JANUARY 2020 STATISTICS CANADA LABOUR FORCE SURVEY REPORT MONTHLY SUMMARY
34,500 JOBS ADDED IN JANUARY
5.5% UNEMPLOYMENT RATE*
215,500 12-MONTH EMPLOYMENT GAINS**
UNEMPLOYMENT RATE OVER THE PAST 12 MONTHS*
*Source: Statistics Canada
**Source: Statistics Canada, Seasonally Adjusted, February 2019 – January 2020
REMOTE WORKER TRENDS
43% of workers said their company provides the option to work remotely.
54% of senior managers said they have expanded off-site work opportunities in the past 3 years.
64% of workers with the option to work remotely make use of the perk.
Of those who choose not to, 47% say it’s because they don’t have adequate technology.
Source: Robert Half survey of more than 600 senior managers and 500 workers in Canada.
© 2020 Robert Half.
Statistics Canada just released the January 2020 Labour Force Survey, reporting an increase in employment of 34,500 for the month, with the unemployment rate falling 0.1 per cent to 5.5 per cent.
Highlights in January
- Employment increased by 34,500 (+0.2 per cent) in January, all in full-time work.
- The additional employment in January contributed to gains totalling 268,000 (+1.4 per cent) since January 2019.
- Over the same period, total hours worked increased 0.5 per cent.

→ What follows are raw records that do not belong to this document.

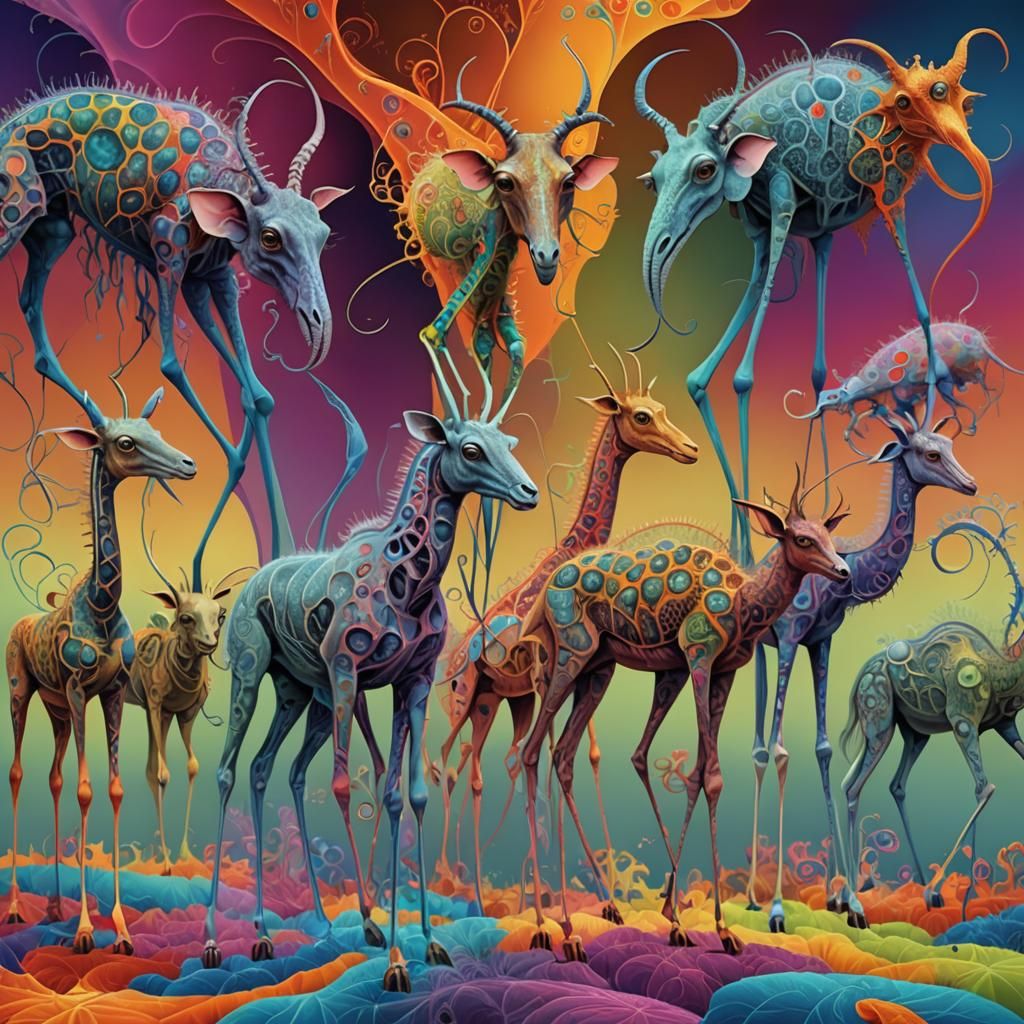 a group of different surreal animals with really long legs o...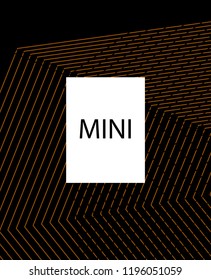 Minimal vector cover. Linear striped template for printing. Flat geometric backdrop design. Black Mustard Gold abstract banner. Minimal flyer template. Banner design in simple colors. Eps10 banner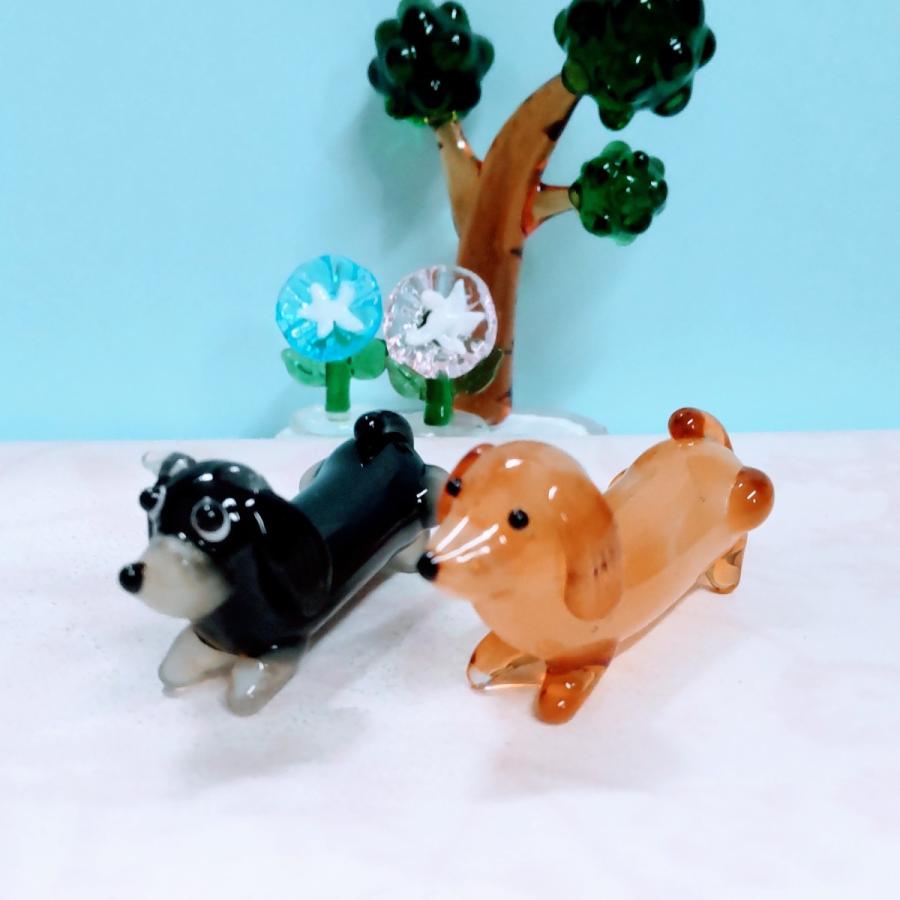 ガラス細工 ダックス 茶（胴長） ミニチュア 置物 雑貨 犬 動物 小物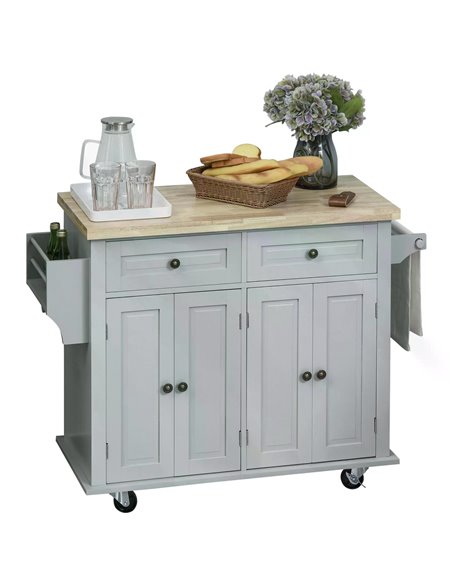 HOMCOM Rolling Kitchen Island Storage Trolley, Grey 801-161GY - pic 43662 | FastDaddyshop
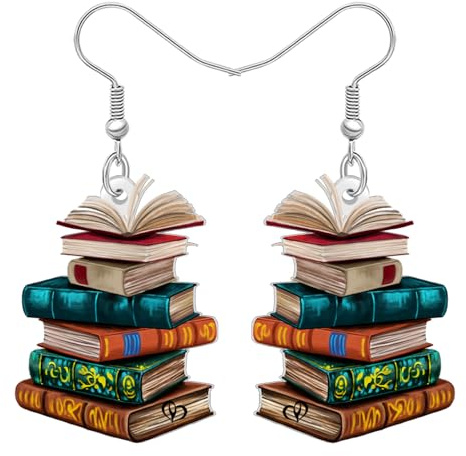 NEWEI Fun Teacher Earrings Back to School Dangle Book Apple Jewelry for Women Girls Kids Crayon Pencil Charms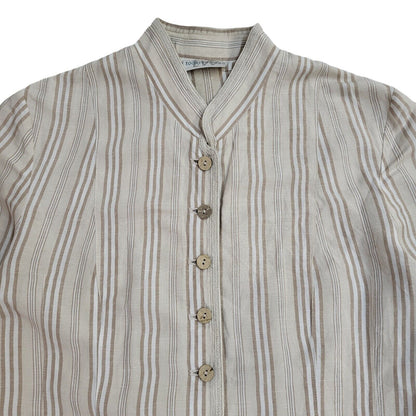 Today Woman 90s Beige Striped Long Sleeve Shirt Uk Women's Size 12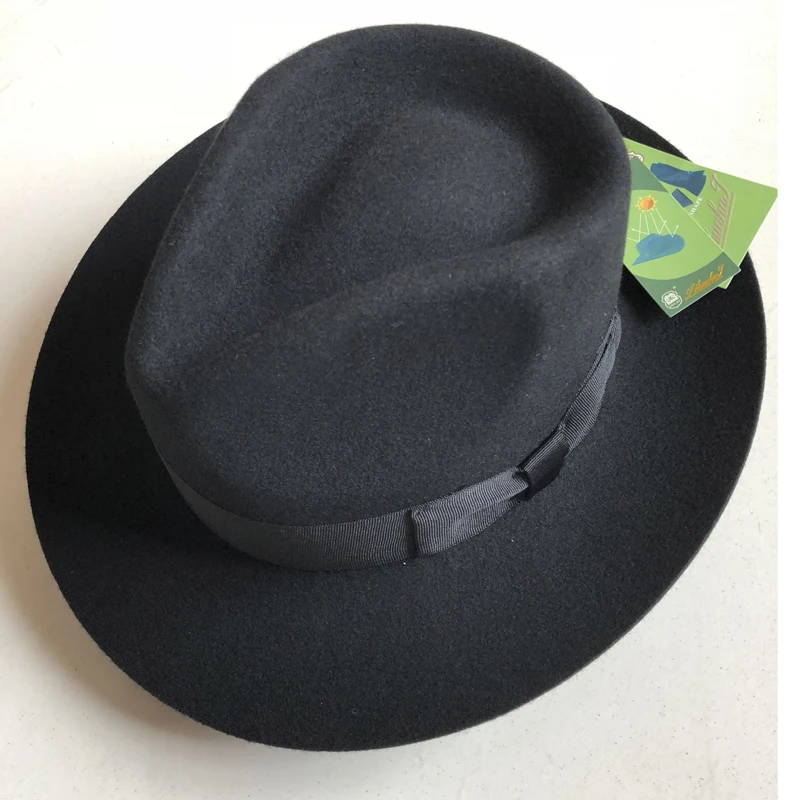 

LIHUA Brand Men's Wool Felt Water Repellent Outback Fedora , Costume Accessory Gangster Black Pinched Hat with Grosgrain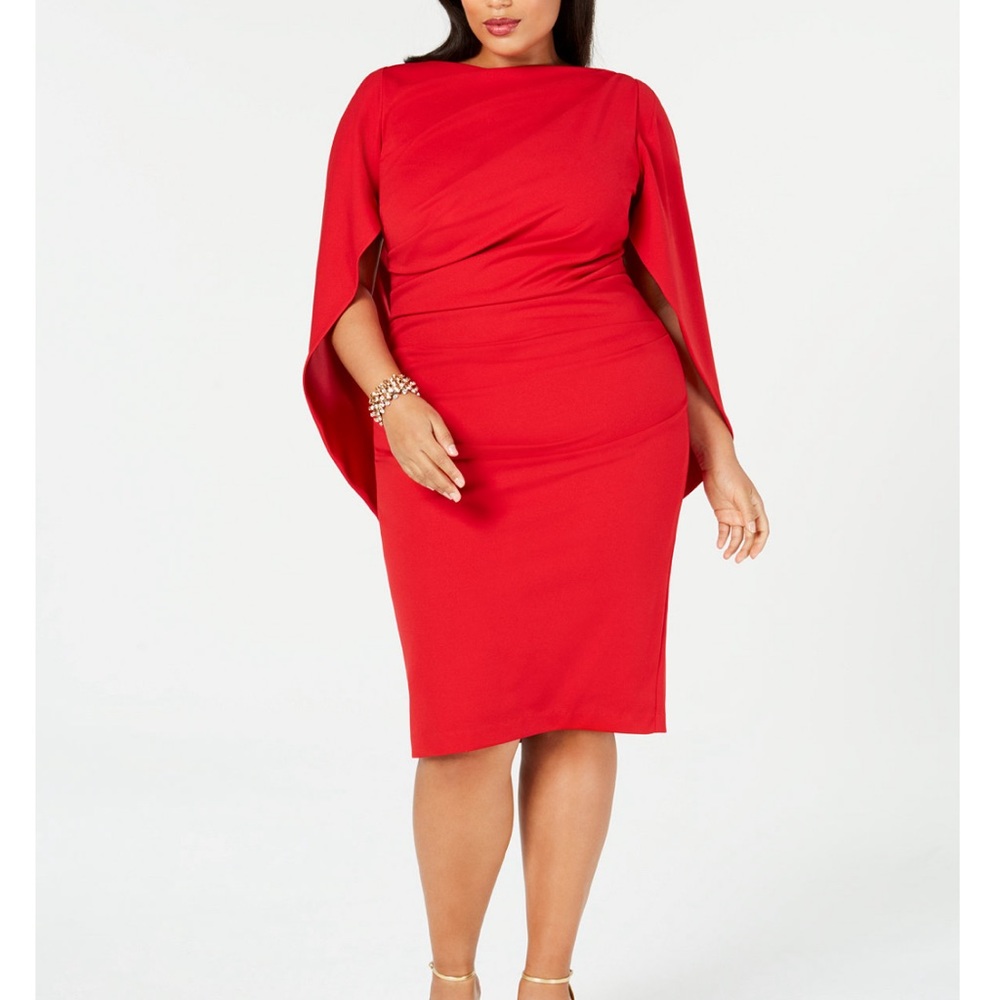 NWT Plus Size Ruched Cape Dress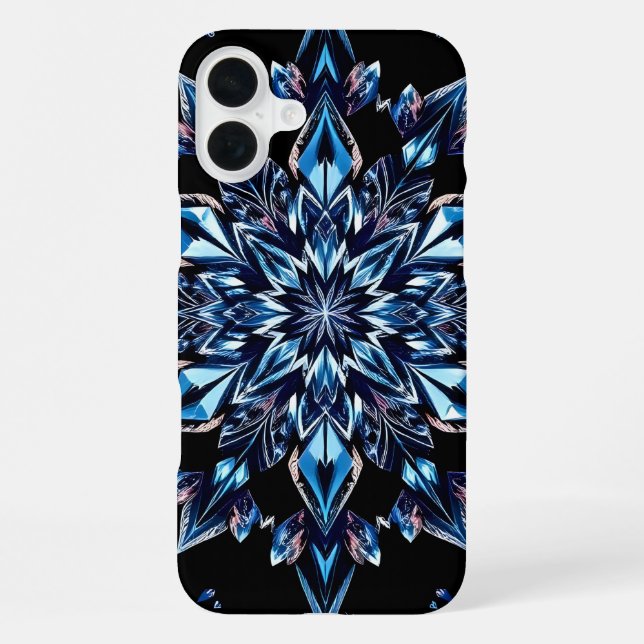Blue Crystal Effect iPhone Case (Back)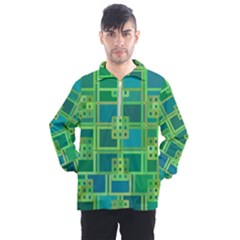 Green Abstract Geometric Men s Half Zip Pullover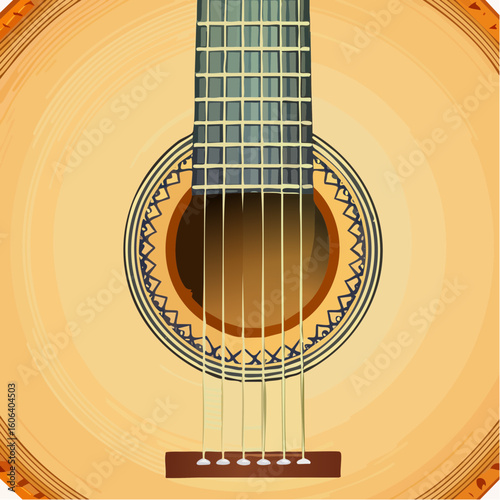 Closeup Illustration of a Classical Acoustic Guitars Body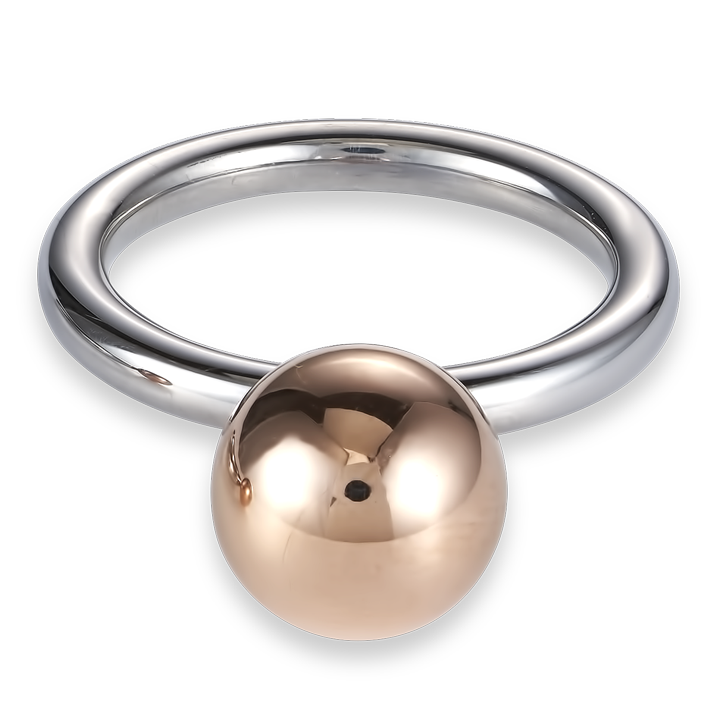 Stainless Steel Rose Gold Ring for Women - Large Ball Design, Elegant Jewelry Gift for Valentine's Day, Anniversary & Special Occasions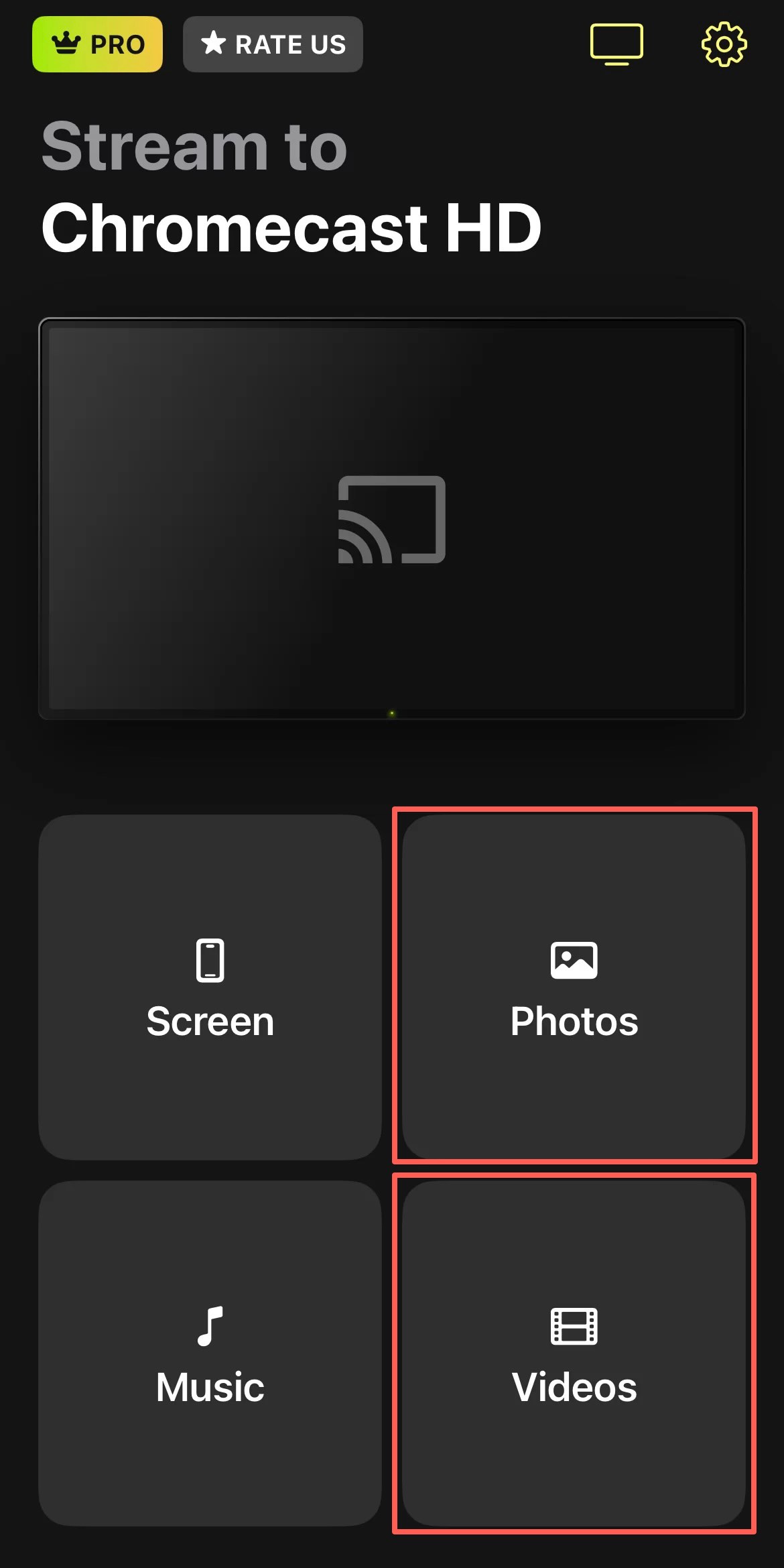 Tap on the Photos or Videos button in DoCast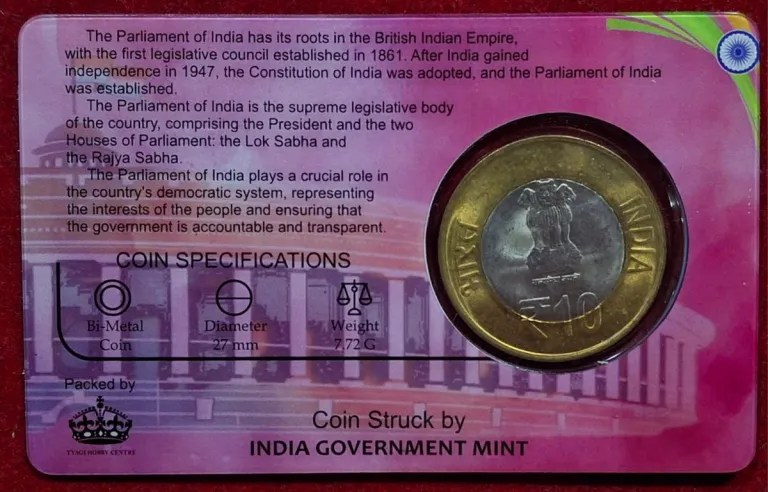 10 Rs. 60 YEARS OF PARLIAMENT OF INDIA rare Commemorative Coin Card Special Edition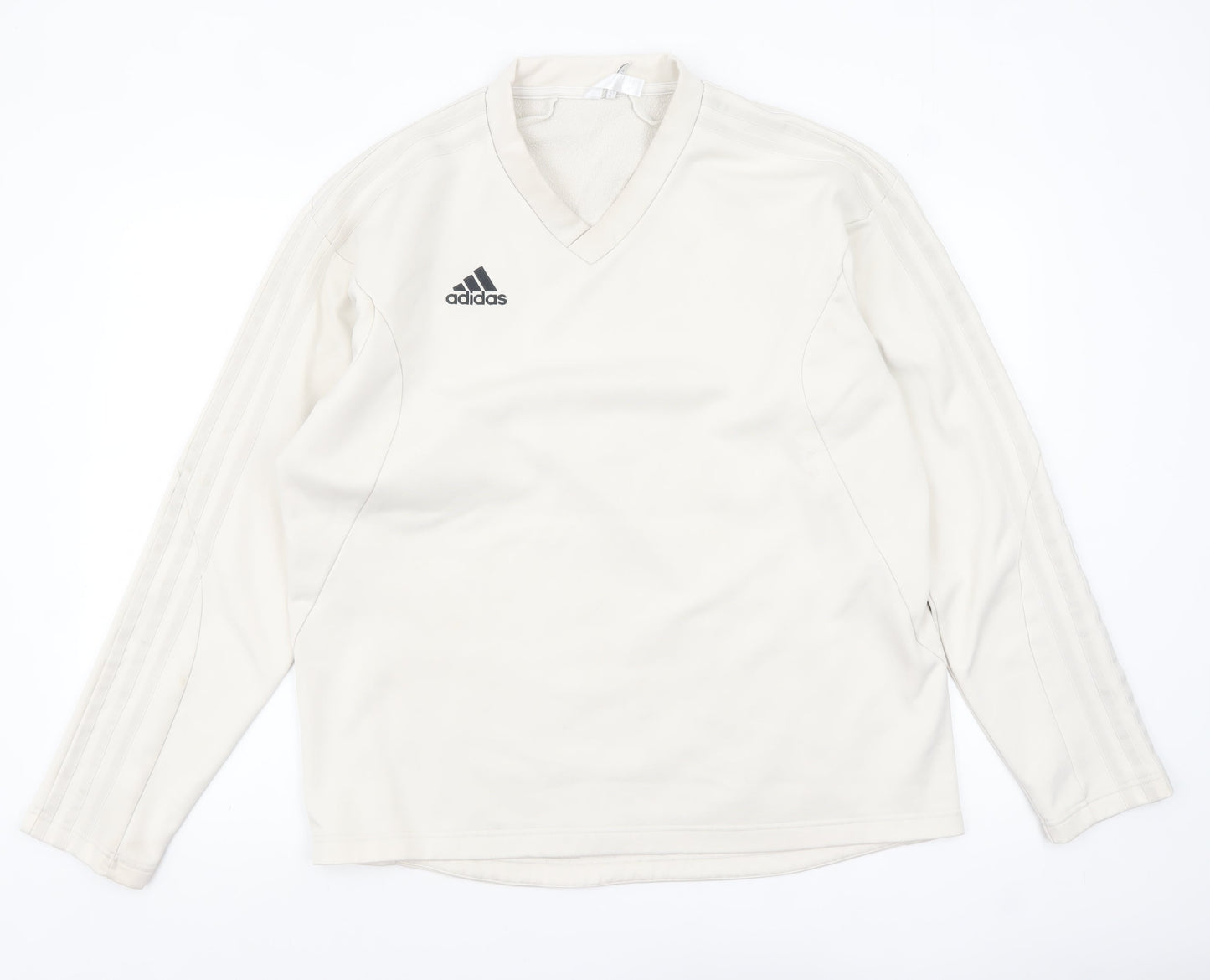Adidas Men's Beige V-Neck Sweatshirt Size L Classic Pullover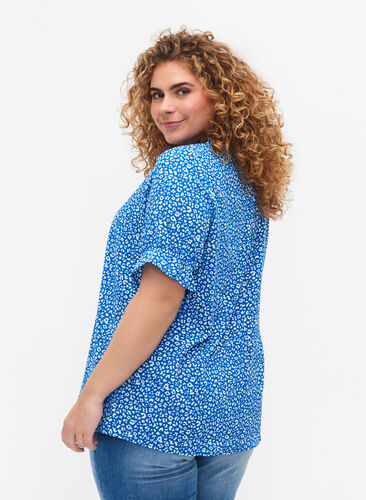 Korte mouw blouse met print , Blue Ditsy, Model image number 1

- Employment in Quebec increased by 19,000 in January, with notable gains in full-time work. At the same time, the unemployment rate held steady at 5.1 per cent. Compared with 12 months earlier, the number of people employed in the province grew by 60,000 (+1.4 per cent).
- In Manitoba, employment rose by 6,500, mostly in part-time work. This was the largest overall employment increase since April 2008. The unemployment rate in January was virtually unchanged at 5.1 per cent.
- For the second time in three months, employment declined in Alberta, down 19,000 in January. This decrease was concentrated in part-time work. The unemployment rate was 7.3 per cent.
- The rate declined in British Columbia (down 0.3 percentage points to 4.5 per cent) as there were fewer people searching for work. Severe weather conditions affected several regions of the country, including British Columbia and Alberta. During the survey's reference week for January 2020 (January 12 to 18), 390,000 employees in Canada lost work hours due to the weather, with the majority (61.1 per cent) in British Columbia.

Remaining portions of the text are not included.